I took the ASVAB test when I was in high school, and scored a 91, which really tickled my recruiter pink. He said I could basically sign up for any job I wanted, so the top paying job at the time was a Tactical Nuclear Engineer – a 6-year enlistment with a re-sign up bonus of $300,000 – this was in 1984, mind you. I also remember, as I was thinking about it, going to an arcade one day, and as I was playing pinball (yes, they still had them in those days), a couple of fine Marines came up to my machine and asked if I had thought about signing up for the military.

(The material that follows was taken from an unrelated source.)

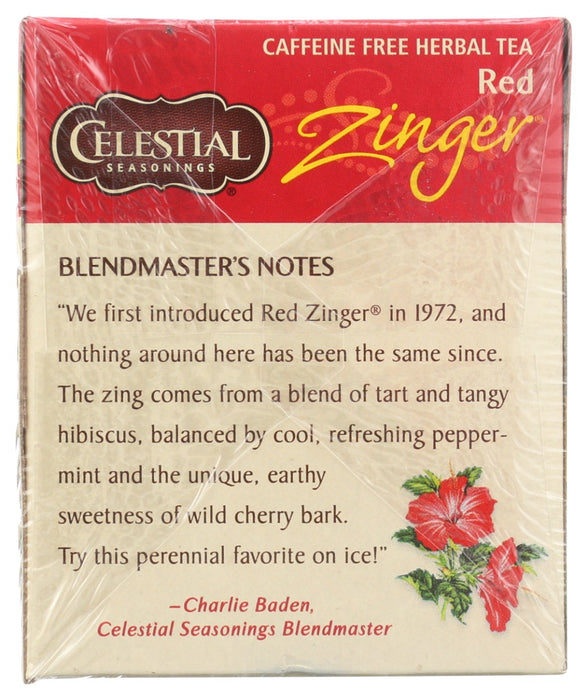 CELESTIAL SEASONINGS: Red Zinger Herbal Tea, 20 bg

I told them “Yes sir, I have.”, and they then asked “Do you know what branch you’re signing up for?”. I said “Yes sir, I have.”. They were a bit deflated when I informed them of my intention of joining the Navy. Oh, don’t get me wrong. I have a HUGE respect for the Marine Corps – they are a kick-butt bunch of men & women, but the Navy just seemed more my interest, so that’s what I went for.
After I graduated high school, I signed up at the recruiter’s office, and got my orders to get on the bus to take the five-hour ride to Butte, MT to take the physical. I was stoked! I was going to be part of the American dream – to serve our country in a branch that I really liked. I got to Butte, and was put up in a nice hotel room for the night. The next morning, I got up, had breakfast, and then went for my physical. I made it all the way through the testing, and then got to the vision part – I was told I had Alternating Exotropia, and was therefore disqualified from serving in the Navy. I was then told thanks for being interested, and then took the five-hour bus ride back to Billings.
Needless to say, I was deflated. Here my dream was – shattered before my very eyes. To elaborate, Alternating Exotropia is almost the reverse of cross-eyed. Your eyes see fine, but where most people’s vision comes together in a single picture and you can see true 3D – well, that doesn’t work for me. Magic Eye puzzles are a bad idea for a gift, and I don’t enjoy 3D movies as much as other people do (although when I went to see Tron Legacy, that’s is all they were showing it in). I still enjoyed the movie, but didn’t get the immersive effect I had paid for.
Now, I don’t really blame the government for giving me the 4F – they were just making sure that the people they took in could do everything they were asked to. I was willing to, but I guess my vision didn’t align with theirs – no pun intended. I still have a lot of respect for the Navy and all they do. I just wished I could have been a part of it.